# Which is the best puppy chow?



## MyAntsRMarching (Oct 24, 2007)

Hey everyone,
I haven't posted in awhile, but thought I would try to be a little more active on the boards! 

Marley and his sister are growing at a fast rate! They are 6 months old last week! They both are eating the "Purina® Puppy Chow® brand Puppy Food Healthy Morsels™ Soft & Crunchy Bites". I have heard mixed reviews about them. 

Any ideas? Keep them on it? Switch slowly? etc. etc.?
Thanks!,
Chris


----------



## pamperedpups (Dec 7, 2006)

I won't feed Purina, Iams/Eukanuba, Science Diet, Ol Roy, Kibbles N Bits, etc. because of their poor quality ingredients, unnecessary fillers and chemical preservatives. For more information on dog food and ingredients, check out www.dogfoodproject.com and www.dogfoodanalysis.com You might also look into a raw diet: www.rawfed.com


----------



## heidiann (Feb 3, 2008)

> I won't feed Purina, Iams/Eukanuba, Science Diet, Ol Roy, Kibbles N Bits, etc. because of their poor quality ingredients, unnecessary fillers and chemical preservatives. For more information on dog food and ingredients, check out www.dogfoodproject.com and www.dogfoodanalysis.com You might also look into a raw diet: www.rawfed.com


I agree...

If you do decide on kibble...try Canidae or another premium one that has less grain and more meat. 

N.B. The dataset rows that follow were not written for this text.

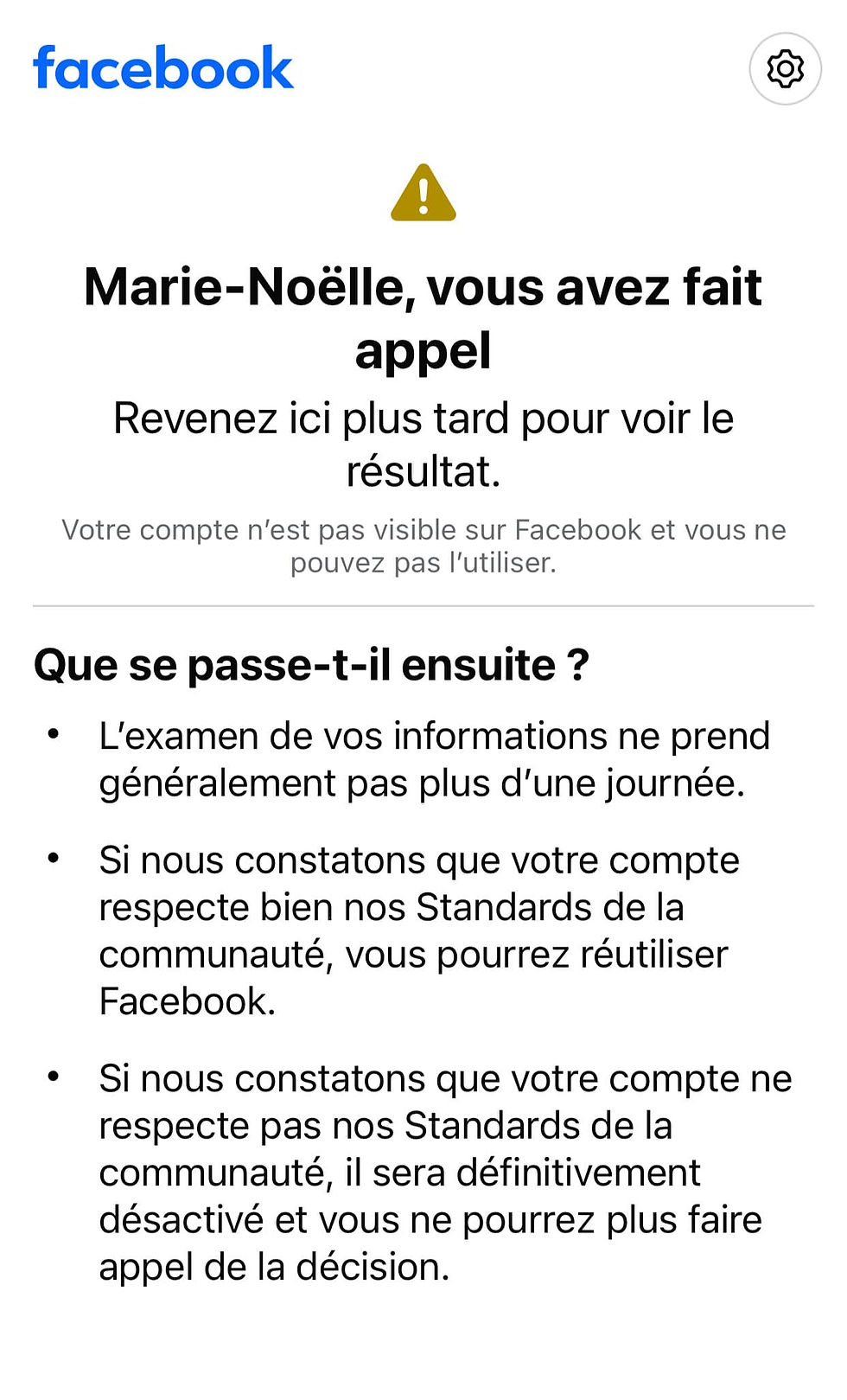 Alerte Facebook pour un appel. Texte explique le processus de révision de compte, avec icône d'avertissement et logo bleu en haut.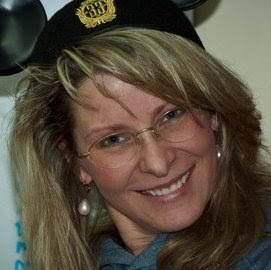Katherine Gibson Photo 15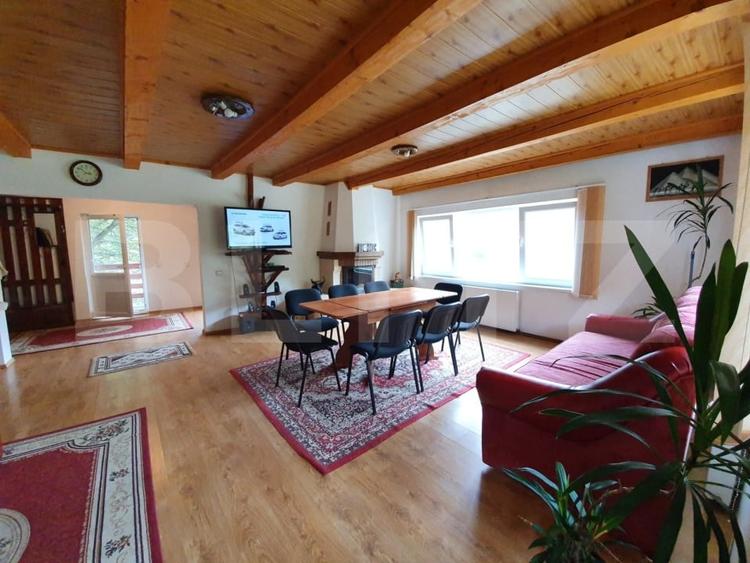 Casă individuală cu 6 camere cu Teren 2500 Mp în Exterior Vest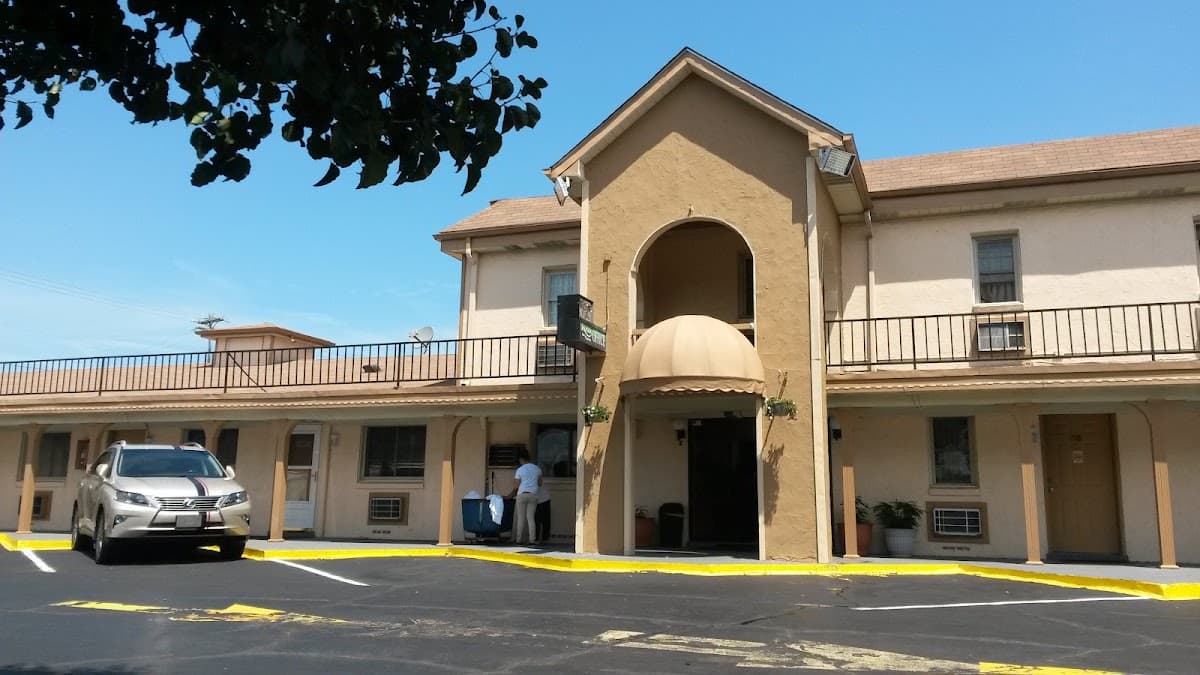 Royal Inn & Suites, Motel in Burlington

I'd also personally stay away from any brand that was involved in any of the recalls. But, we lost cats in the 2006 Diamond recall and just don't want to have to go through that mess again.


----------



## Patt (Feb 12, 2008)

You'll get lots of suggestions on this subject. My dogs love Innova, they have beautiful coats and are in great shape. I also use Wellness brand. 

Lots of good links given, here's another for top quality dog food. www.dogaware.com

Remember each dog is different, so what works for one doesn't necessarily work for another. Good luck.


----------